Она вдруг улыбнулась — смело, почти весело.
— Дурашка — ты забыл: обе дороги ведут Туда. Выйдет — не выйдет…
Я медленно распрямился, чтобы не спугнуть ощущение. Прошел на нос, потом на корму — снял со стопора обе швартовочные лебедки.
Швартовы немного провисли, давно не смазанная носовая лебедка чуть скрипнула, — часовой, по счастью, не обратил внимания.
— Эй, приятель! — крикнул я ему. — Я заведу машину, а то аккумуляторы сели совсем: даже лампочки не светят.
Камуфлированный детина махнул рукой:
— Валяй.
Мой старенький пароход словно чувствовал свой последний день, словно хотел прожить его гордо, с достоинством. Машина заработала сразу, без задержек и без единого сбоя; стальное тело парохода мелко задрожало, готовое к бегу…

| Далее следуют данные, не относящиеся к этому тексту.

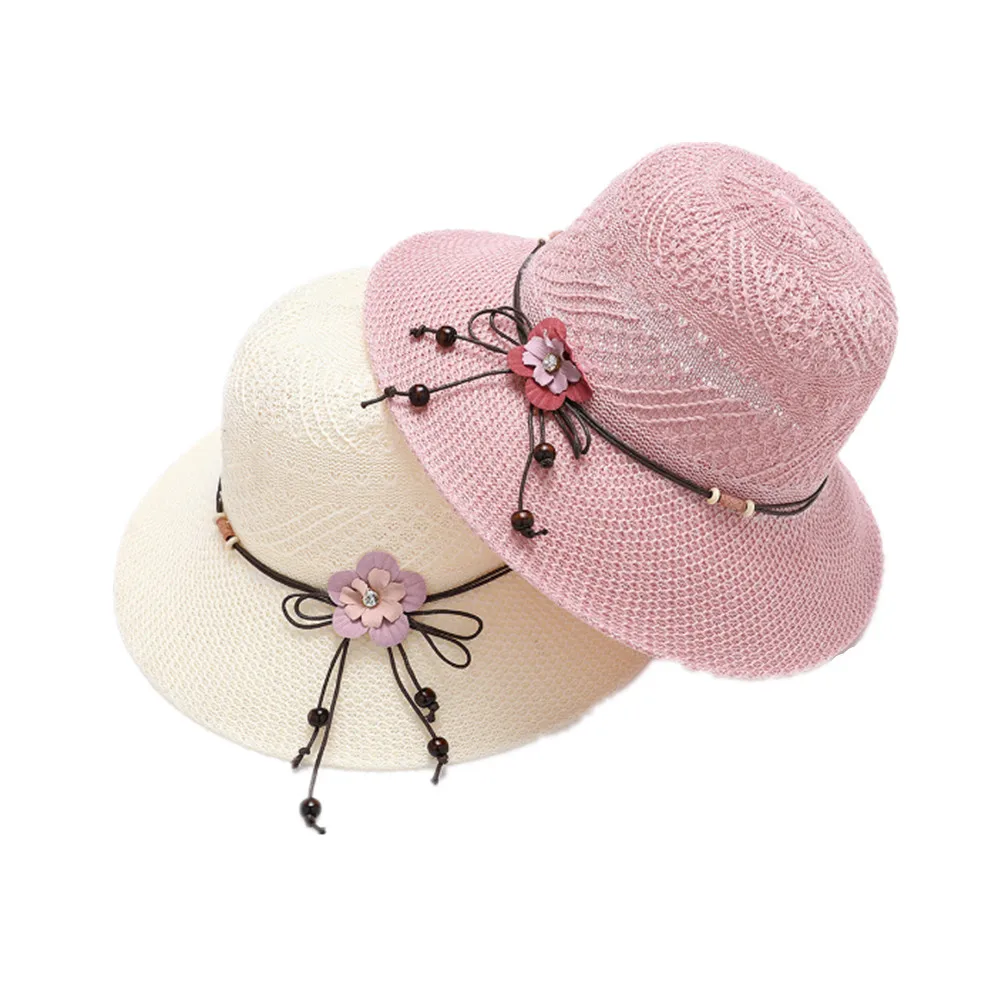 Women Bow Flowers Straw Hat Outdoor Sun Sunscreen Collapsible Beach Hat MZ007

Солнце, красным золотом пылавшее меж стволов сосен на береговом всхолмье, коснулось горизонта.
— Закат, Андрюша, — тихо сказала Юля.
— Да. Ступай вниз.
Она снова негромко, почти неслышно засмеялась.
— Нет, что ты — яс тобой.
Я кивнул, соглашаясь.
— Ну, — прошептал я, решаясь, — не подведи, старый. — Я ласково погладил приборную доску.
И резко дернул рукоять хода на себя — на полный, и сразу — на самый полный.

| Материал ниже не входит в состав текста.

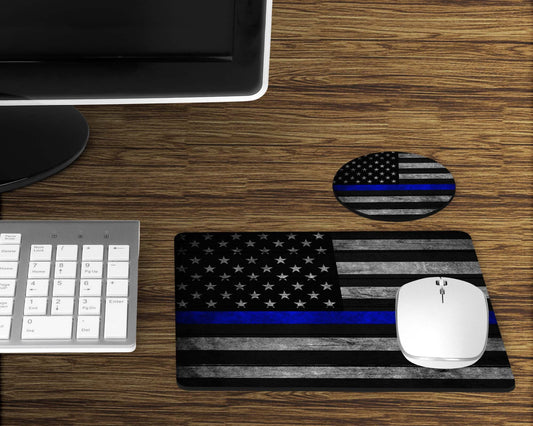 Thin Blue Line American Flag Mouse Pad and Desk Set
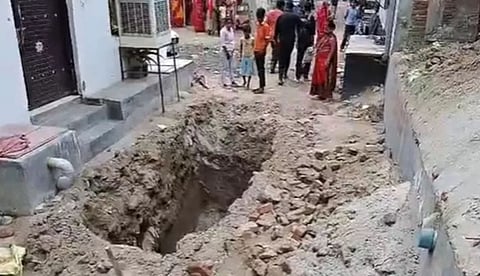 About 10 feet pit that used to bury the woman in Haryana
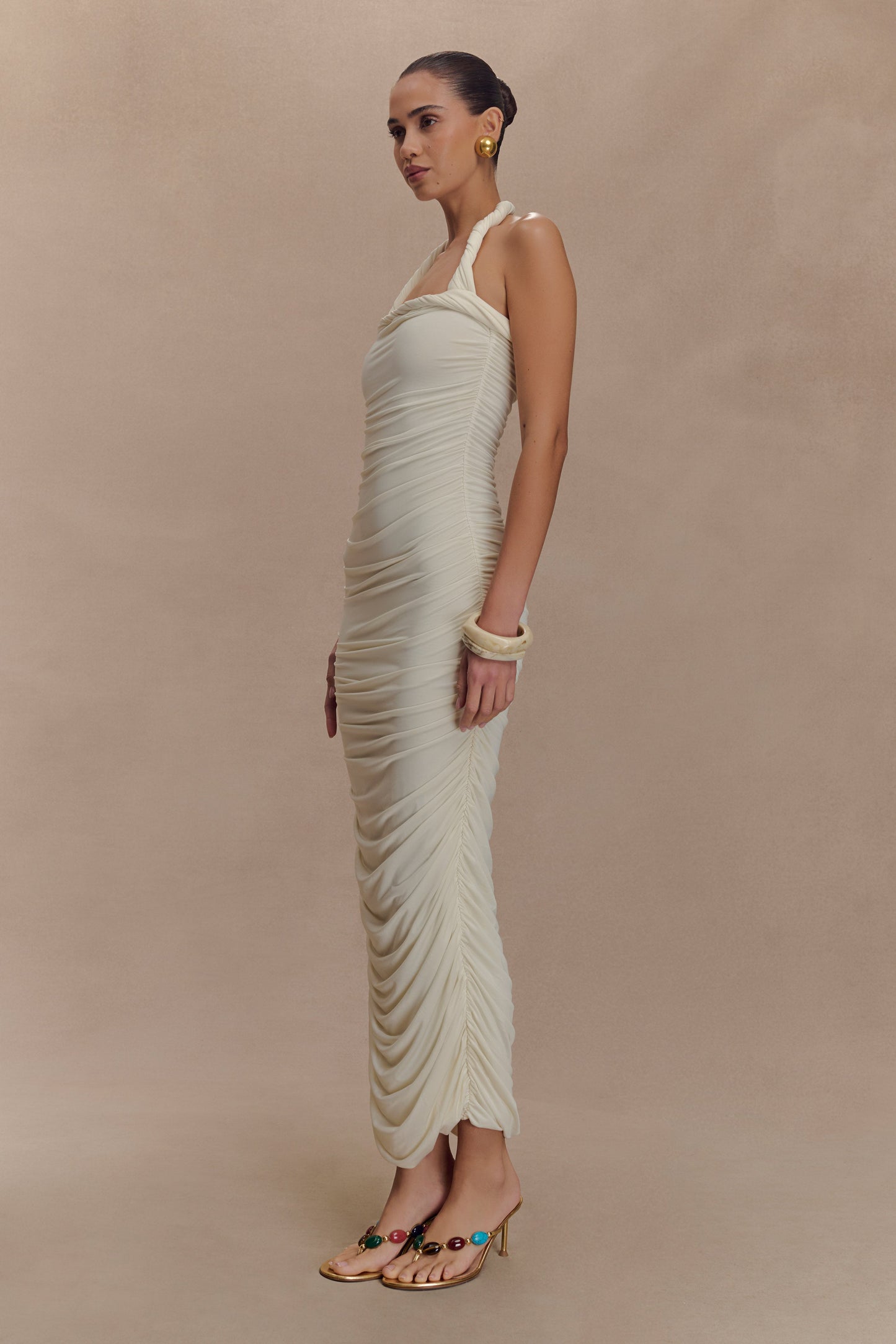 Camila Ruched Halter Midi Dress - Ivory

Машина взвыла, потом взревела; перестук поршней в ее глубинах слился в единый гул. Кэп голову бы оторвал за такой «старт», успел подумать я, и пароход, чуть качнувшись, пошел вперед, быстро набирая ход.
Что-то закричал часовой на пристани. Я оглянулся. Оба швартова разматывались вслед за нами, уходя под воду. Я повел пароход прочь от причала и начал постепенно закладывать плавный поворот — так, чтобы в конце концов оказаться носом к закату.
Звякнула носовая лебедка и закрутилась уже по инерции, вхолостую — кончился носовой швартов; за ним последовал кормовой. Часовой на причале перестал орать — видимо, связывался с начальством. Потом сквозь грохот машины мы услышали автоматную очередь — отправленную, очевидно, в воздух. Следующая с глухим звоном пробила нашу обшивку — где-то внизу, в районе ватерлинии. Но это было уже неважно — я достаточно отошел от причала и сейчас заканчивал поворот.
— БГК-186, немедленно остановитесь! — проревел над озером голос с репродукторов базы.
— Щас! — сказал я.
Солнце било уже прямо в носовые стекла рубки. Я еще чуть довернул штурвал — теперь наш пароход на самом полном мчался к береговым утесам.
— БГК-186, немедленно застопорить машину!
Я стиснул штурвал, глядя прямо в лицо надвигающимся скалам, из-за которых лился, заполняя все поле зрения, багряно-золотой закатный свет…
Кажется, этот золотой свет нес запах моря и цветущих яблонь.